A few weeks ago, I posted about the Riverwood Cabins, LLC Bankruptcy, which was notable to me because of the scope and magnitude of the amount of money that the Riverwood cabin buyers lost.

It’s a case where about 65 customers (and that number continues to grow) are asking what happened to their $4.5 million in deposits (also a growing number). The customer deposits appeared to evaporate into thin air in the months before the Bankruptcy case was filed.

One of the biggest questions was when the related companies were going to file their own bankruptcy cases (and why hadn’t they already?). The hope was that, when that happened, maybe we’d get some answers then.

Well, we know the first part: Woodtex, LLC, Woodtex of New York, LLC, Woodtex of Tennessee, LLC, and Woodtex of Texas, LLC all filed their own Chapter 7 bankruptcy cases in Nashville Bankruptcy Court late on Monday afternoon.

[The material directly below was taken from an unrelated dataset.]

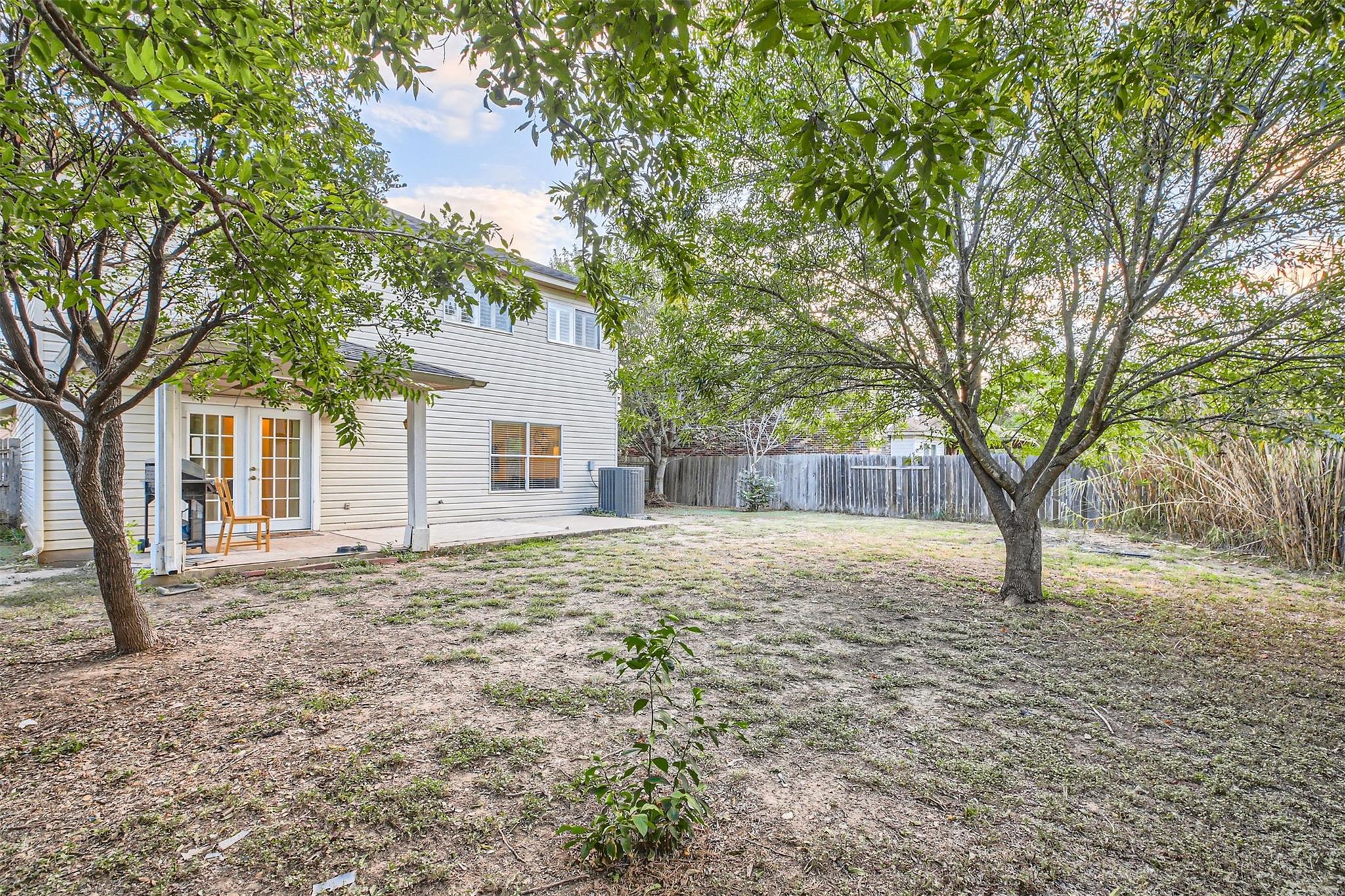 1049 Stone Trl, New Braunfels, TX 78130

As far as answers beyond that, the filings don’t do much else, but add more questions.

And more aggrieved customers. These filings show that there’s at least twice as many customers who lost their deposits, with these deposits still being unaccounted for.

But, strangely, there’s not that much debt owed, relative to the deposits that the companies were constantly taking in. With this much money coming into the company (as deposits), you’d expect to see an equally staggering amount of unpaid bills.

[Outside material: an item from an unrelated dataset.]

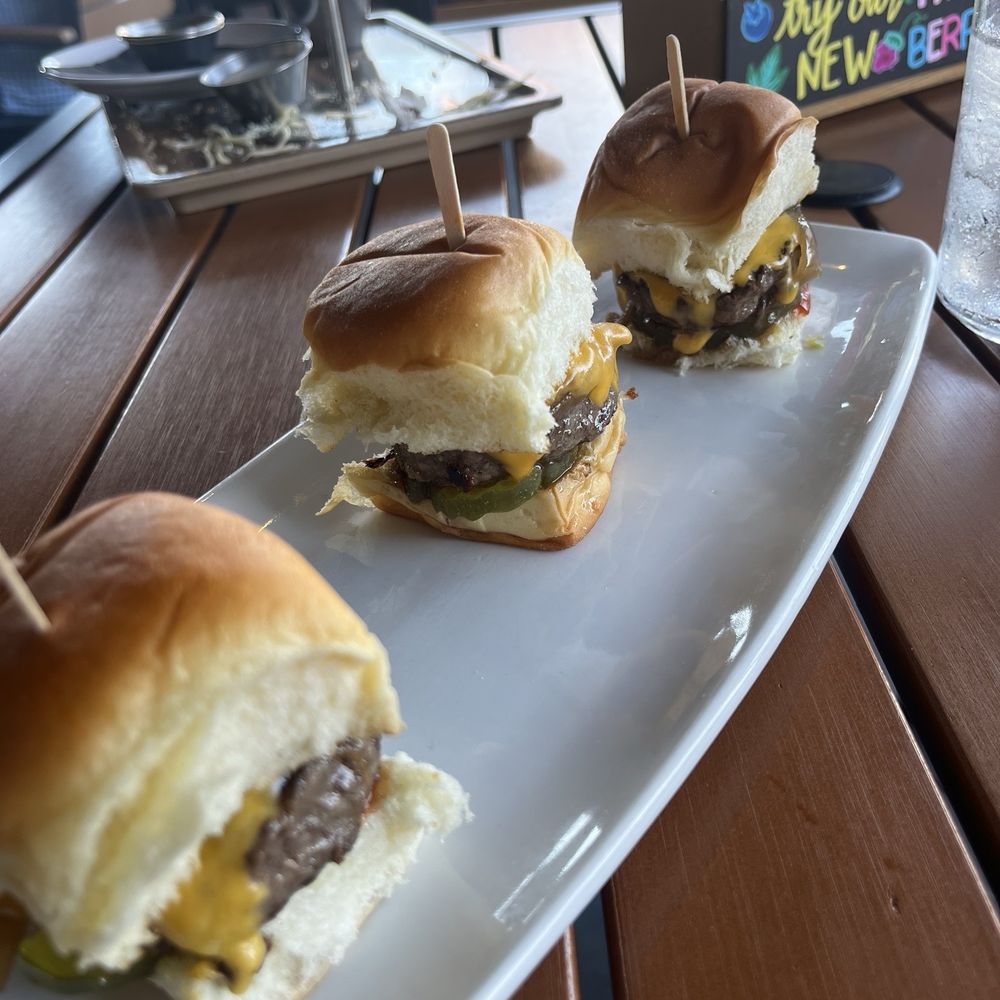 Mini cheeseburger sliders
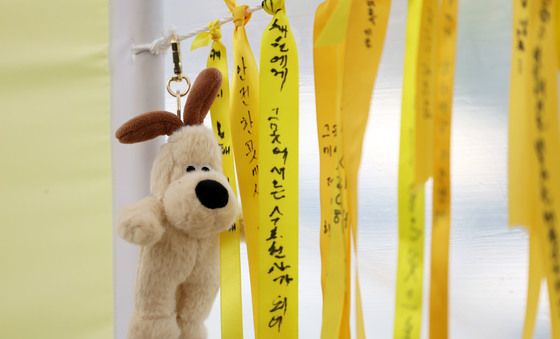 피습 여고생 추모 메시지와 남겨진 인형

The only good news for the Woodtex customers is that, because the Woodtex entities focused on sheds and smaller buildings, the deposits are about 10% of the money that the Riverwood Cabins customers lost.

Riverwood Cabins Files for Bankruptcy, with more than 4 Million in Customer Deposits at Issue

Ten or 12 years ago, it wasn’t a shock when a builder filed for Bankruptcy and left behind dozens of half-completed projects and unaccounted for customer deposits in its wake of discharge and dispair.

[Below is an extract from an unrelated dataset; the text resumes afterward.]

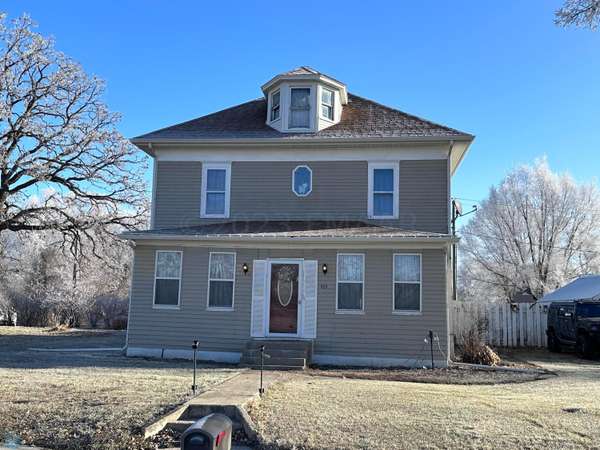 705 HARRIS ST, Lisbon, ND 58054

But, in our modern/better/faster/stronger economy, I was really surprised to see Riverwood Cabins, LLC file a Chapter 7 Bankruptcy in Nashville a few days ago.

Riverwood Cabins builds prefabricated cabins and modular log homes for customers (generally in Tennessee), and then delivers the cabins nationwide to the customer’s land for assembly.

Per the Bankruptcy Schedules, Riverwood claims assets of $265,205.18, and total debt of about $5,900,000.

Of that debt, here’s what’s mind-blowing: that debt includes $4,468,842 (*) in unaccounted for customer deposits that are claimed as debts.

To be clear, the customers who paid 50% down as a deposit for the cabin, and, now, that money is gone and entirely unaccounted for.

This isn’t a few dollars short here and there. This is 4 MILLION dollars.

In the Great Recession, a little shortage here and there wasn’t a shock.

Builders would dip into a little bit of funds from Project C so that they could finish up Project A. Then, a few weeks later… in order to finish Project C, they might dip into the funds on Projects E and F. In the end, the whole scheme would come crashing down when the shortages outpaced the new contracts from new customers.

But I haven’t seen this type of shortage before.

I’m literally shocked by the large number of customers (about 65) who don’t have cabins or any explanation of where their cabins–or their deposits–are.